La lumière naturelle peut être le meilleur moyen d’améliorer les zones urbaines défavorisées.

En 2013, le designer français Nathanaël Abeille a commencé à travailler avec l’expert en matériaux Carlos Muniagurria pour développer une façon de transformer des briques communes et peu coûteuses en objets hautement réfléchissants capables d’éclairer les rues, les appartements et les bâtiments qui ne reçoivent pas la lumière directe du soleil, en particulier dans les villes denses.
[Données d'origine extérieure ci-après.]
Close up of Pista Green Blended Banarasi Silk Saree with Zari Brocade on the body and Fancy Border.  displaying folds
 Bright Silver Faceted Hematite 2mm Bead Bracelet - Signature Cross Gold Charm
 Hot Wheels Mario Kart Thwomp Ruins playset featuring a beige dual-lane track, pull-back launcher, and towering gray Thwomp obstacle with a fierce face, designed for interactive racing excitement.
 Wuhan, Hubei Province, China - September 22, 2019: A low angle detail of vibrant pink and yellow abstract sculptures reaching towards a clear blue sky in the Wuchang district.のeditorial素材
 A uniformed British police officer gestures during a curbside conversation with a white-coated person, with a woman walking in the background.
En collaboration avec l’architecte argentin Francisco Ribero, son idée était de rendre l’un des quartiers les plus sombres de Buenos Aires un peu plus agréable à vivre.


[Photo : Nathanaël Abeille].

L’idée est venue à Abeille alors qu’il vivait dans un appartement sombre et déprimant tout en travaillant au bureau parisien de l’architecte Jean Nouvel. Puis, un autre bâtiment a été érigé à côté et sa maison est devenue encore plus sombre. Puis, un jour, une voisine a ouvert sa fenêtre au bon moment.
« Tout à coup, son petit salon a été éclairé par un rayon de soleil, ce qui a rendu Nathanaël très heureux », explique Ribero dans une vidéo de présentation du site Idea.me.

Abeille a commencé à réfléchir à la façon de partager la lumière naturelle dans les zones urbaines surpeuplées en faisant rebondir les rayons du soleil d’un bâtiment à l’autre. Cela créerait des points lumineux, pensait-il, rendant les zones sombres plus vibrantes. Évidemment, il ne pouvait pas utiliser de miroirs parce qu’ils sont trop fragiles.

Après quelques travaux sur le sujet à Marseille, Nathanaël s’est retrouvé à Buenos Aires pour étudier l’idée d’utiliser la lumière naturelle pour améliorer la qualité de vie dans les centres urbains. C’est là qu’il a développé une brique à faible coût recouverte d’un matériau qui peut réfléchir la lumière comme un miroir. Après avoir d’abord testé un revêtement en alliage d’aluminium, ils ont décidé d’utiliser du chrome et du nickel car, selon Muniagurria, « il adhère beaucoup mieux à la brique et offre une surface plus dure et une résistance physique et chimique plus élevée ».

Ils ont testé l’invention dans le quartier de Caacupé, à Buenos Aires, qui a des rues sinueuses et étroites comme une ville médiévale. Ils voulaient éclairer un segment d’une ruelle sombre typique de cette partie de la ville – le duo a donc étudié comment la lumière du soleil frappait les murs au cours de la journée et a trouvé l’emplacement idéal pour une longue bande de cinq unités de 1000 briques expérimentales. Le test a été un succès : Les briques reflétaient clairement le soleil sur le mur opposé, transformant une ruelle sombre en une ruelle animée.

Malheureusement, leur projet de crowdfunding, Proyecto Reflexión en Villa 21, est maintenant fermé (sans succès), si bien qu’ils ne vont pas étendre leur essai dans d’autres rues – ce qui est vraiment dommage, car leur objectif était de combattre l’obscurité avec la lumière, au sens figuré et au sens propre. Et l’Argentine a besoin d’un peu de lumière en ce moment.